**Aim of the task**
Each record is to be printed again exactly, though not its pictures.

■ ■ ■ ■ ■ ■ ■

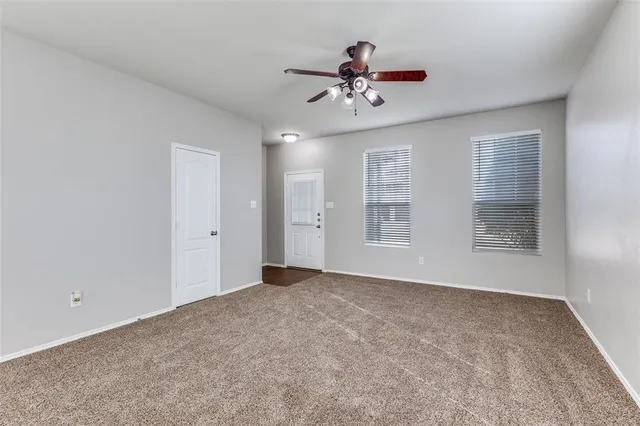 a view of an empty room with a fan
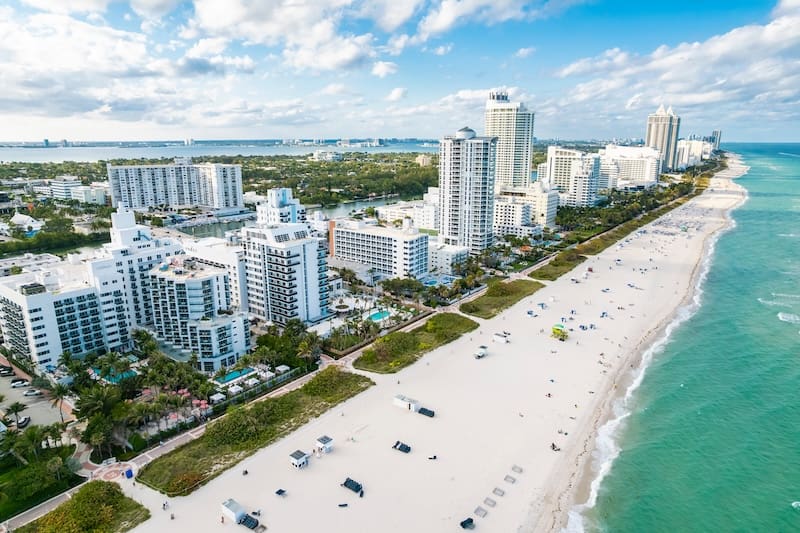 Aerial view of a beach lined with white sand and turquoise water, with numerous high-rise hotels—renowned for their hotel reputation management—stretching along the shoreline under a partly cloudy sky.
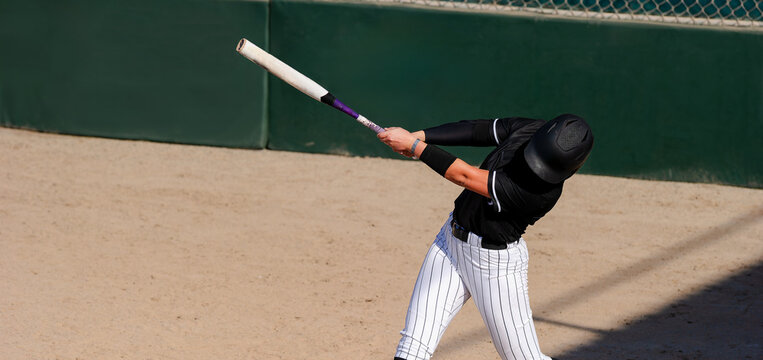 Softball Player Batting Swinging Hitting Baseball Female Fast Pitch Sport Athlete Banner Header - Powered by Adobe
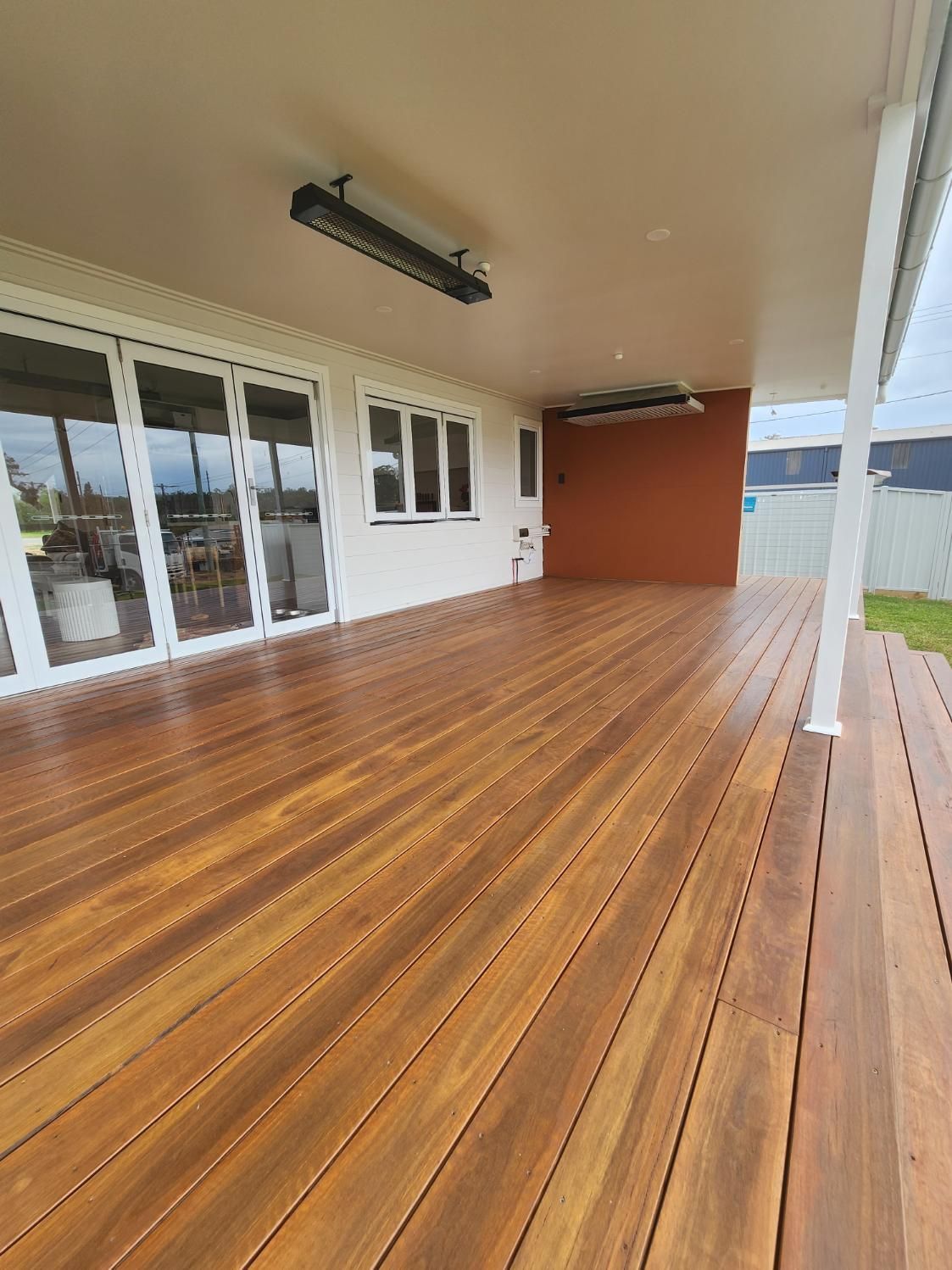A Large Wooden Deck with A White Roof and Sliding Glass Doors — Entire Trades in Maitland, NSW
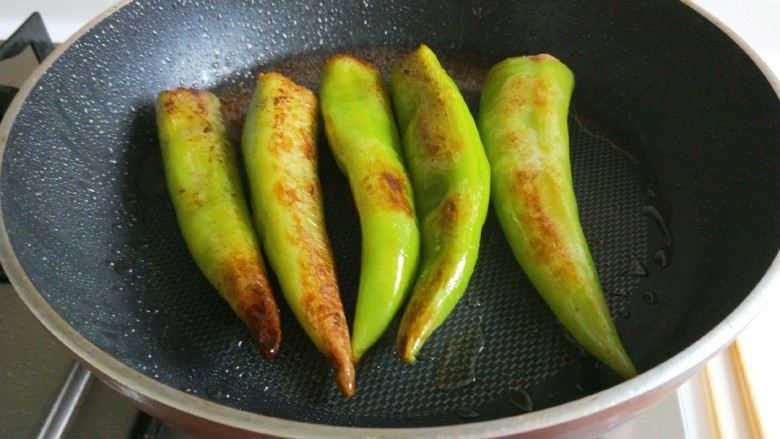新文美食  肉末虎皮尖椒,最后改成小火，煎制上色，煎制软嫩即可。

■ ■ ■ ■ ■ ■ ■

**Reply**
 a view of an empty room with a fan
 Aerial view of a beach lined with white sand and turquoise water, with numerous high-rise hotels—renowned for their hotel reputation management—stretching along the shoreline under a partly cloudy sky.
 Softball Player Batting Swinging Hitting Baseball Female Fast Pitch Sport Athlete Banner Header - Powered by Adobe
A Large Wooden Deck with A White Roof and Sliding Glass Doors — Entire Trades in Maitland, NSW
新文美食  肉末虎皮尖椒,最后改成小火，煎制上色，煎制软嫩即可。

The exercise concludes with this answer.